====== Input for this task ======

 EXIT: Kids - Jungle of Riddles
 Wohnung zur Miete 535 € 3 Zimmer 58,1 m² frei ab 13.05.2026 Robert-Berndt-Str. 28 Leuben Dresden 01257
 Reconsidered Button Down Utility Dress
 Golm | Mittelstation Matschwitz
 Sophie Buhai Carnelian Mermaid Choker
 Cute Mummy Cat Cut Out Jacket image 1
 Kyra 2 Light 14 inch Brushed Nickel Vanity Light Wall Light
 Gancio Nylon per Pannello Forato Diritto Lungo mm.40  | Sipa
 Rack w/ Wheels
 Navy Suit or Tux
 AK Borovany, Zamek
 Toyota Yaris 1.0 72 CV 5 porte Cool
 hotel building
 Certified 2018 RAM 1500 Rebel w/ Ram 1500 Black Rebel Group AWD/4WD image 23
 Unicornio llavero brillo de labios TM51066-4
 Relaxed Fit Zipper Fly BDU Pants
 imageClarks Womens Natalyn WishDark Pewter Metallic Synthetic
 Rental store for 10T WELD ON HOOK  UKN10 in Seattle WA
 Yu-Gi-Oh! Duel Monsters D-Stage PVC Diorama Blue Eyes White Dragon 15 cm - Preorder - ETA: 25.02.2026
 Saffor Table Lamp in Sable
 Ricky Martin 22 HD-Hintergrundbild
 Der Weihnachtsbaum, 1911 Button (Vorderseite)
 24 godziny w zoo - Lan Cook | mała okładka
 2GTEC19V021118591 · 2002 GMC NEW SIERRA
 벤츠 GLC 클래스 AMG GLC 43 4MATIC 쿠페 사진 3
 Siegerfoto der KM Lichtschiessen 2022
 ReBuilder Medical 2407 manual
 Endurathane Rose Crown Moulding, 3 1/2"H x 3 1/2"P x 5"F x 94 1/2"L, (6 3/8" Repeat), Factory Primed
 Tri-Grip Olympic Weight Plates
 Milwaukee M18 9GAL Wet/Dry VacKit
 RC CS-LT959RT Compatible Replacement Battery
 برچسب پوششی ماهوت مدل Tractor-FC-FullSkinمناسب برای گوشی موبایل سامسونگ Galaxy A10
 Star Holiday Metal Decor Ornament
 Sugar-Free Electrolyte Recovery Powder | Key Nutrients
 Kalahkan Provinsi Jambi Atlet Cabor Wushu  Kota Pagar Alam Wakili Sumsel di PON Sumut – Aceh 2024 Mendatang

======

■ **Exercise**: Set down, exactly as they stand above, the lines starting with the line with "Ricky Martin 22 HD-Hintergrundbild" and going on through the line with "Tri-Grip Olympic Weight Plates", and no others.

■ **Result for this task**:
 Ricky Martin 22 HD-Hintergrundbild
 Der Weihnachtsbaum, 1911 Button (Vorderseite)
 24 godziny w zoo - Lan Cook | mała okładka
 2GTEC19V021118591 · 2002 GMC NEW SIERRA
 벤츠 GLC 클래스 AMG GLC 43 4MATIC 쿠페 사진 3
 Siegerfoto der KM Lichtschiessen 2022
 ReBuilder Medical 2407 manual
 Endurathane Rose Crown Moulding, 3 1/2"H x 3 1/2"P x 5"F x 94 1/2"L, (6 3/8" Repeat), Factory Primed
 Tri-Grip Olympic Weight Plates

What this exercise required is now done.